Function and contribution of the root tip in the induction of NO3−uptake along the barley root axis

Abstract

The seminal roots of N-free-grown barley seedlings were able to take up NO₃⁻ immediately upon initial exposure; the uptake rate in the tip was half of that in the older root zones (middle and base). A lag of 60 min was required in all root zones before the uptake rates started to increase during induction with external NO₃⁻. This increase could be prevented by the addition of pFPA; we thus assume that additional NO₃⁻ transport proteins were synthesized during NO₃⁻ induction.

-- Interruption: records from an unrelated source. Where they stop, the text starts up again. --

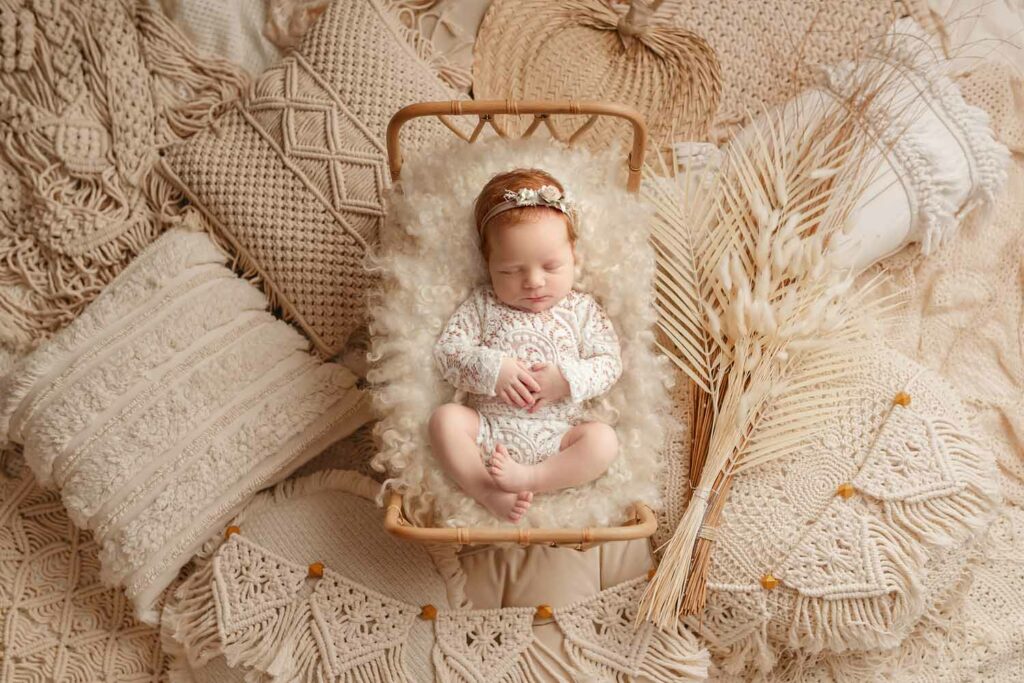 THE 6 BEST NEWBORN POSES - Pure Life Photography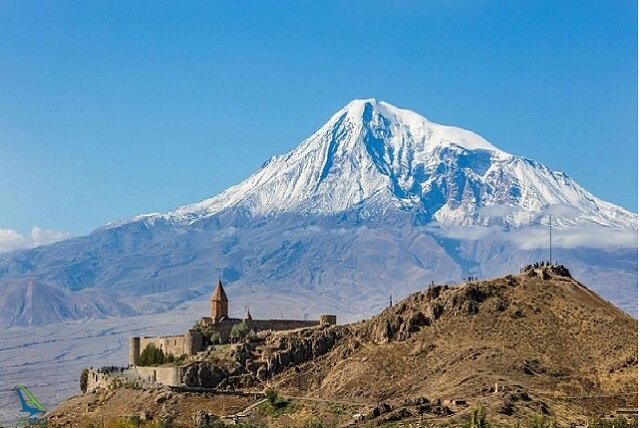 صومعه‌ای در دلِ طبیعت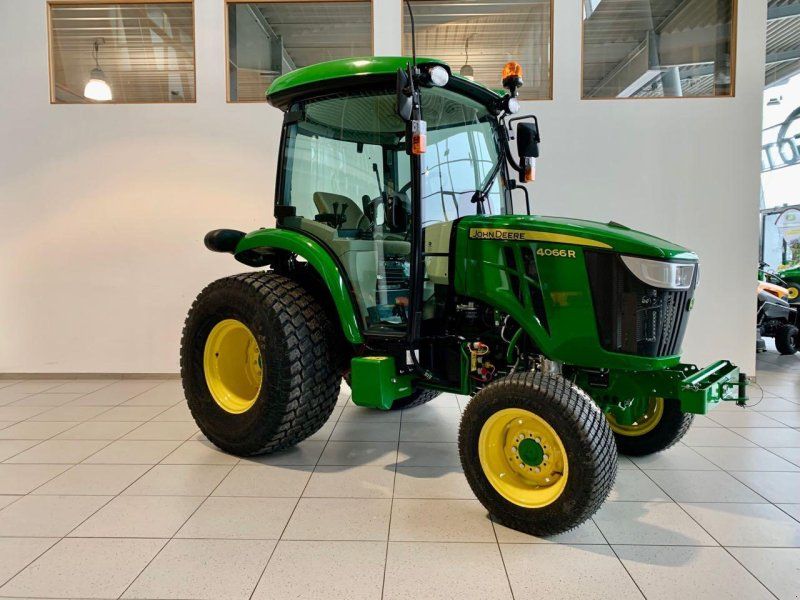 John Deere 4066R
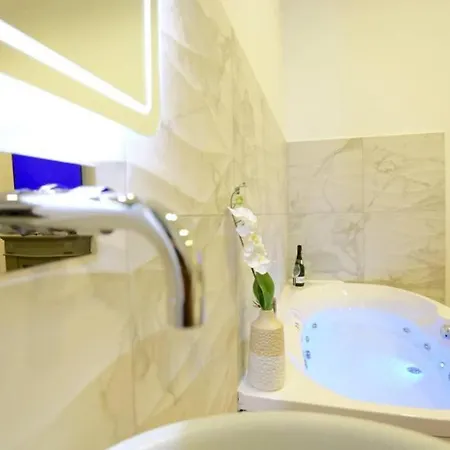 Atrhome Frattina Luxury * Rome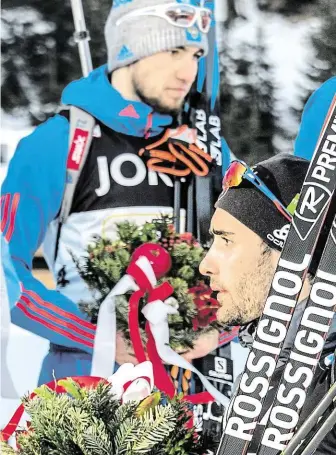  ?? Martin Fourcade (dole) při květinovém ceremoniál­u míjí Alexandra Loginova. FOTO PROFIMEDIA ?? Napjatá atmosféra.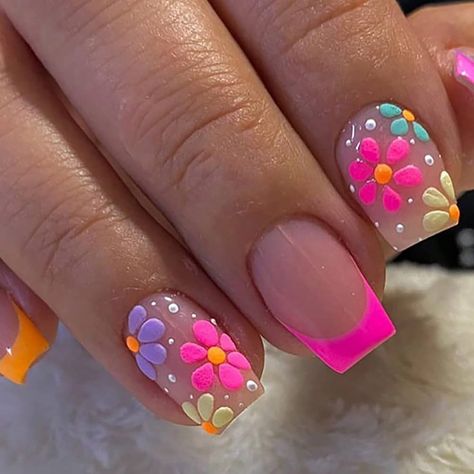 Nails Daisy Flower, Nails With Daisy Flower, Design Short Nails, Nails Daisy, Daisy Flower Design, Girls Nail Designs, Floral Nail, Nails For Women, Girls Nails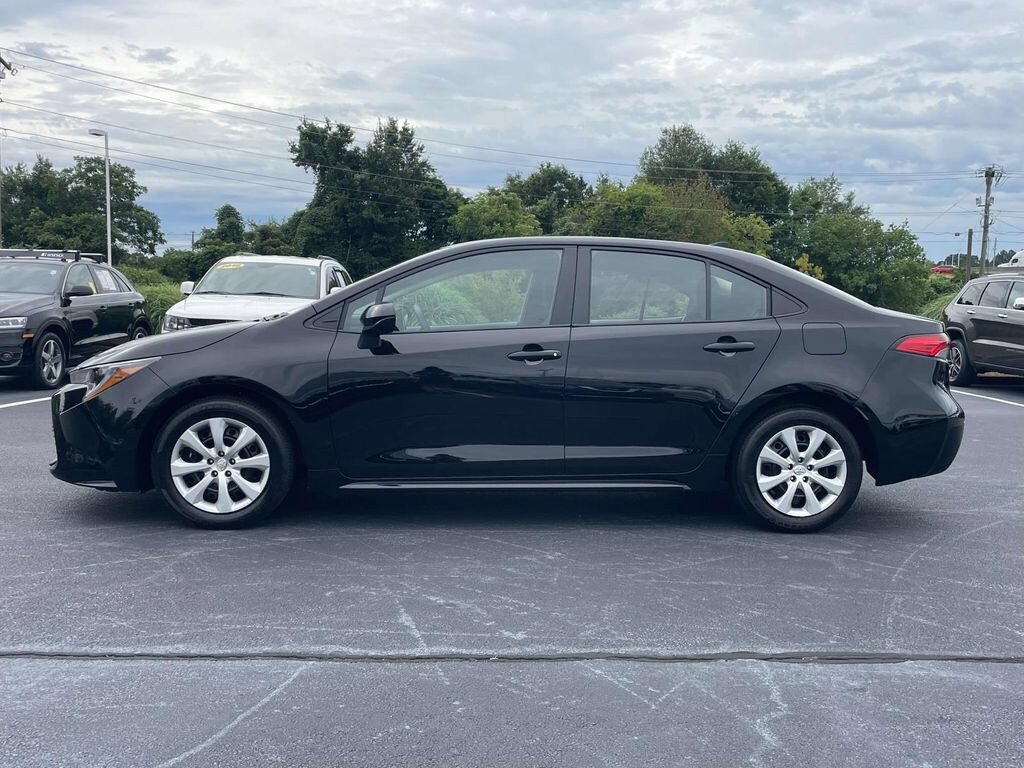 Used 2025 Toyota Corolla LE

During the time-course of NO₃⁻ induction different uptake rates were measured in morphologically different regions of the tip (1 mm segments) indicating a regulation of NO₃⁻ induction on a narrow local scale. In NO₃⁻ grown plants, NO₃⁻ uptake as well as NO₃⁻ content increased basipetally along the root axis concomitantly with increasing vacuolization of the cells. Although NO₃⁻ uptake into the tip was only half of that into the older root zones, this NO₃⁻ uptake was very important for the entire root. Firstly, it provided the substrate for protein biosynthesis in the meristematic region: nitrate reductase activity and total soluble protein were highest in the first apical mm of the tip. Secondly, 3% of the NO₃⁻ taken up by the tip was found in the base where it induced NO₃⁻ uptake: NO₃⁻ was translocated almost exclusively basipetally and as little as 20nmolg⁻¹ root fr. wt. translocated from the tip were sufficient for acceleration of NO₃⁻ induction in the root base of N-free-grown plants. This clearly shows that the induction of NO₃⁻ uptake does not depend exclusively on the availability of external NO₃⁻, but can be mediated also with internally translocated NO₃⁻.The root tip, therefore, may be considered the NO₃⁻ sensing region of the root.